Throngs of mourners joined public figures and dignitaries in Jerusalem on Tuesday for the funeral of the four Jewish victims of the terrorist siege on a kosher supermarket in eastern Paris on Friday.
The coffins of the four Jewish victims of the Paris terror attacks last week were brought to the Kiseh Rahamim Yeshiva in Bnei Brak early this morning where Rabbi Meir Mazuz, the spiritual leader of the Tunisian community in Israel and the rosh yeshiva, eulogized the men killed in the attack.
One of the victims, Yoav Hattab, 21 and his family is of Tunisian origin and the Hattab family specifically requested that Mazuz be part of the funeral proceedings.

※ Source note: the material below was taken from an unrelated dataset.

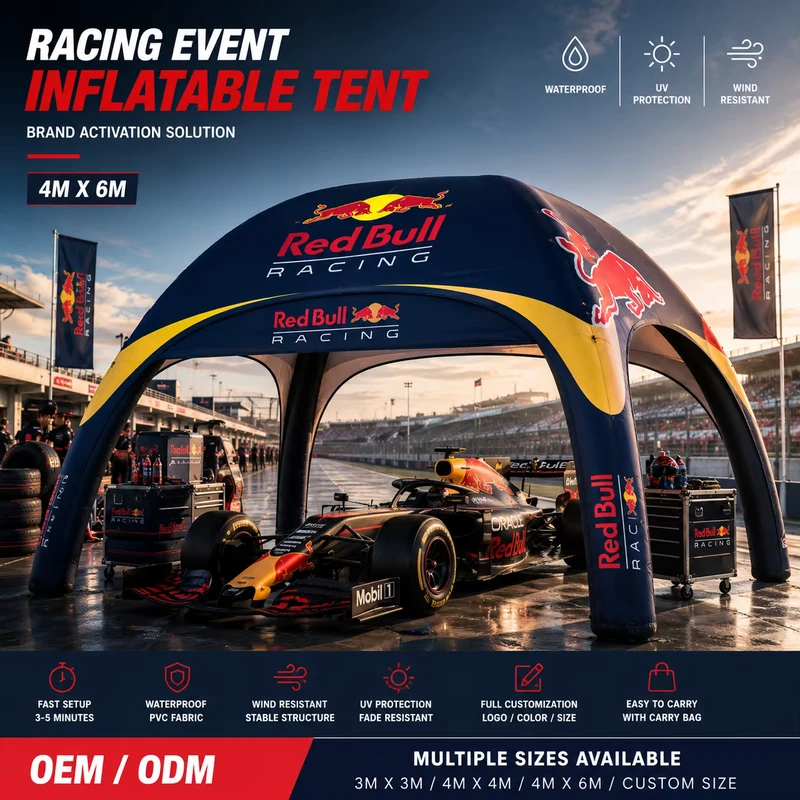Tenda per eventi gonfiabile impermeabile personalizzata 4x6m con certificazione CE, tendone professionale per paddock, tenda per pit di motorsport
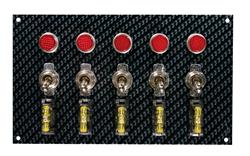 Switch Panel, Aluminum, Gray/Black, Carbon Fiber Look, 6.75 in. Wide, 4 in. Tall, 5 Toggle Switches, Each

The bodies of the victims Hattab, Yohan Cohen, 20, Philippe Braham, 40, Francois-Michel Saada, 64, arrived in Israel on a pre-dawn flight from France.
The victims were interred on Tuesday in the Har Hamenuchot cemetery in the Givat Shaul section of the capital.
Sephardi Chief Rabbi Yitzhak Yosef opened the funeral by reading from the Book of Psalms. The victims’ relatives then recited the Kaddish, lit four memorial candles and delivered personal eulogies.
Prime Minister Benjamin Netanyahu said that the victims were “murdered solely for being Jewish" in "an attack of hatred by a despicable murderer."
The premier used the occasion to repeat his call for world leaders, particularly in the West, to take a more forceful stand against radical Islam.
"These aren’t just enemies of the Jews, but all of humanity," the prime minister said. "It’s about time that all of the civilized world unite and uproot these enemies from our midst."
Netanyahu said that during his trip to Paris, he came away with the impression that "most leaders understand or are starting to understand that the terror of radical Islam presents a clear and present danger to the world in which we live."
The prime minister praised "the spirit of the Jewish community in France," which remains "totally connected with Am Yisrael ("the nation of Israel"), Eretz Yisrael ("the land of Israel"), and Torat Yisrael ("the Torah of Israel").
Netanyahu said that while Jews must be able to live anywhere in the world in security, "I believe that Jews know deep in their hearts that they have one country – the state of Israel, the historic birthplace that will accept them with open arms. Now more than ever Israel is the real, genuine home for all of us."
President Reuven Rivlin, who spoke before Netanyahu, said that the victims were murdered because they were Jewish.
"This was pure, venomous evil, which stirs the very worst of memories. This is sheer hatred of Jews; abhorrent, dark and premeditated, which seeks to strike, wherever there is Jewish life," Rivlin said.
Rivlin called on European leaders to act to put a stop to such acts of anti-Semitic violence.
"It would be dangerous to deny that we are talking about anti-Semitism, whether old or new. Regardless of what may be the sick motives of terrorists, it is beholden upon the leaders of Europe to act, and commit to firm measures to return a sense of security and safety to the Jews of Europe; in Toulouse, in Paris, in Brussels, or in Burgas," he said.
"We cannot allow it to be the case, that in the year 2015, seventy years since the end of the Second World War, Jews are afraid to walk in the streets of Europe with skullcaps and tzitzit," he added.